Available data:
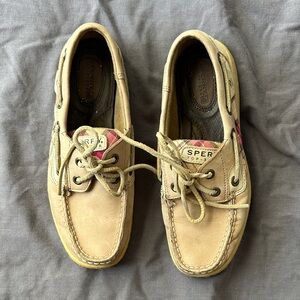 Sperry Beige and Pink Boat Shoes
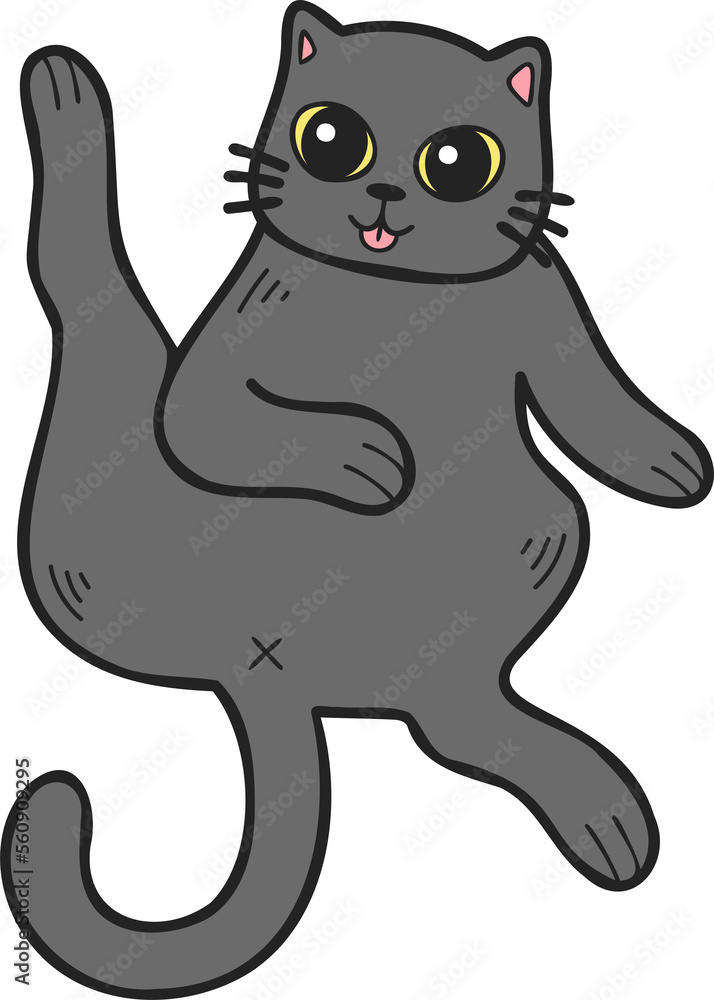 Hand Drawn Sleeping cat showing belly illustration in doodle style Hand Drawn Sleeping cat showing belly illustration in doodle style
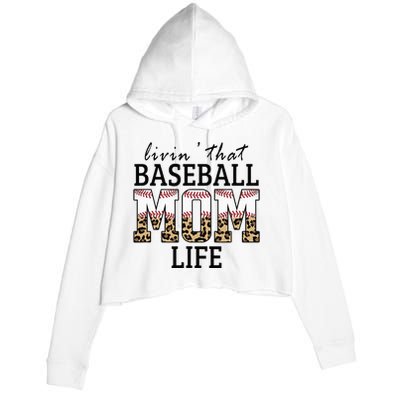 Livin' That Baseball Mom Life Leopard Crop Fleece Hoodie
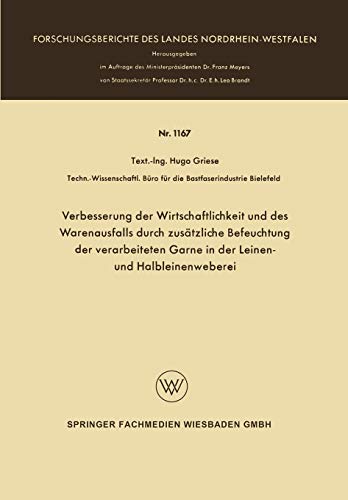 Verbesserung der Wirtschaftlichkeit und des Warenausfalls durch zustzliche Befe [Paperback]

What needs to be done:
Copy out the lines exactly as written, beginning with the one that contains "doodle style Hand" and ending with the last line of the material; do not include pictures.

Your response:
 Hand Drawn Sleeping cat showing belly illustration in doodle style Hand Drawn Sleeping cat showing belly illustration in doodle style
 Livin' That Baseball Mom Life Leopard Crop Fleece Hoodie
 Verbesserung der Wirtschaftlichkeit und des Warenausfalls durch zustzliche Befe [Paperback]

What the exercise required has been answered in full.